Tracing density and intensity - The seamless book of poetry - Long-form genres

Creative writing - Mike Sanders 2014

Tracing density and intensity
The seamless book of poetry
Long-form genres

Wallace Stevens once intimated that poems help us live our lives. (I wonder if he felt that way after breaking his own hand hitting Ernest Hemingway on the jaw, only to have the younger writer give him a thorough pounding and leave him lying on his back in a puddle?) I don’t happen to think people’s lives are determined by art. I think there are much more powerful determining forces (and I don’t mean Hemingway’s jaw).

For me, it would be extremely hard to go through life as if for the first time, as though nobody had been there before me. Poetry reconciles us to ourselves, as Stevens says, in that it can’t be peculiar to you if someone else has had it before. It’s kind of a prophecy of what’s to come, so if you’re reading something about being 50 or being 70 when you’re 30, it doesn’t come as quite such a shock when you get to that later age. I don’t want to imagine a life without any sense of being companied by other voices that have been along the same road.
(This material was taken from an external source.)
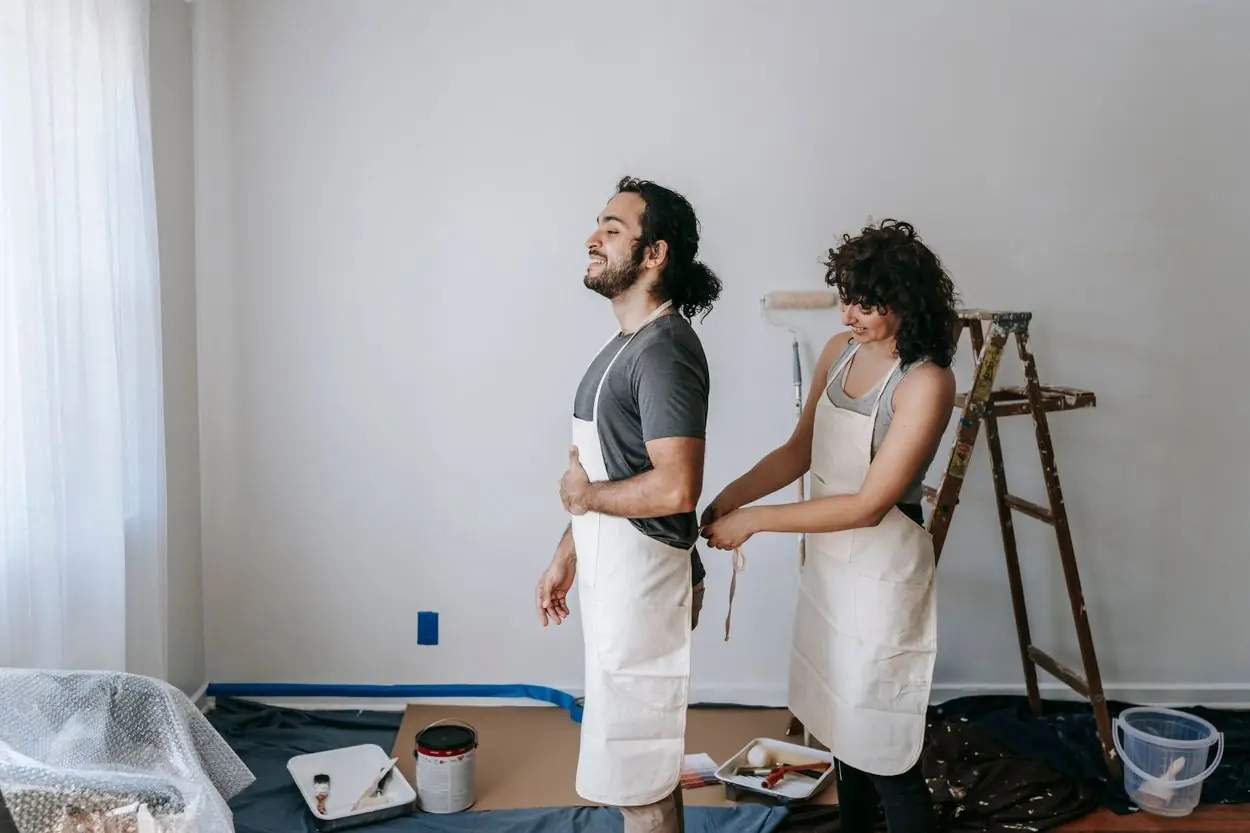 Illustrative lifestyle photograph of a diverse couple preparing to renovate their home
It’s been maintained that most literary people have an episode in their lives, often in late adolescence, when they write. In my case, I believe this time helped me understand what a different activity creative writing is from criticism, engaging wholly different spheres of the soul, mind, and personal essence.
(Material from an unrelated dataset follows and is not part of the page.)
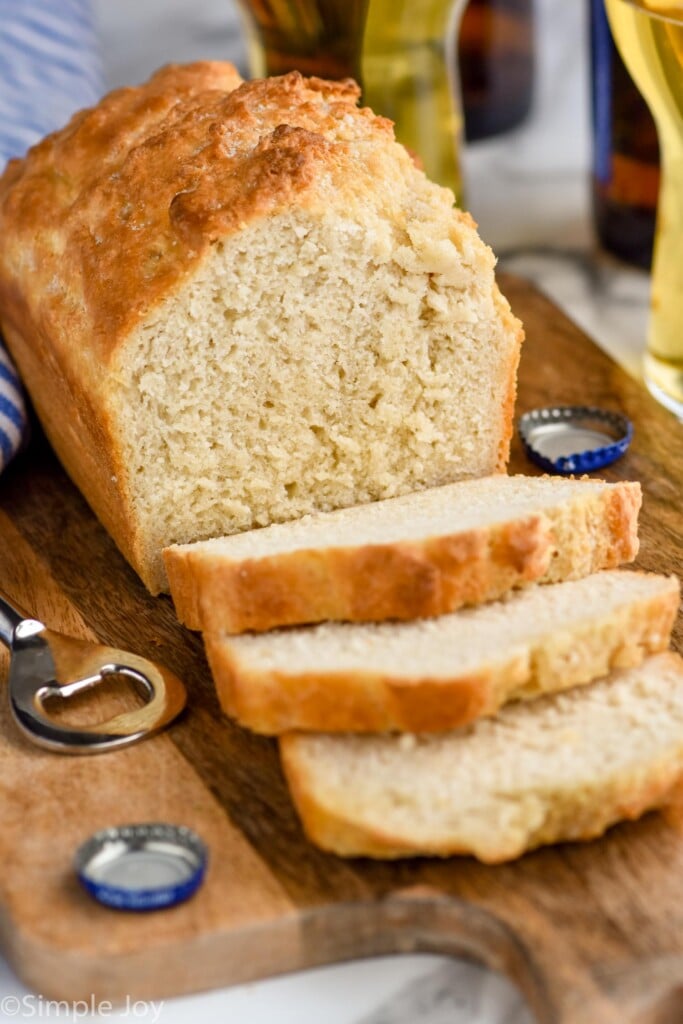 Overhead photo of a loaf of Beer Bread that is half sliced.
Sometimes when I write about particularly complex poems, I write them out longhand rather than typing them on my computer. This act makes me feel what it’s like to have viscerally formed that poem—what it was like to put down a line and make it connect with the next one. That seems to me to be the single most helpful way to feel them through. You’ll also find that because you wrote them, so to speak, you know them by heart. Something goes through the muscles that comes back to the brain, and you know those words in a different way than if you’d just read them.

After you’ve written out poems (yours or others’), they tend to come up in your mind frequently when you don’t have the book around, as a line might rise in the mind of a poet, unbidden and against your will. That experience helps feed into a sense of how the poem gathers itself together. After all, it’s only a device like any other.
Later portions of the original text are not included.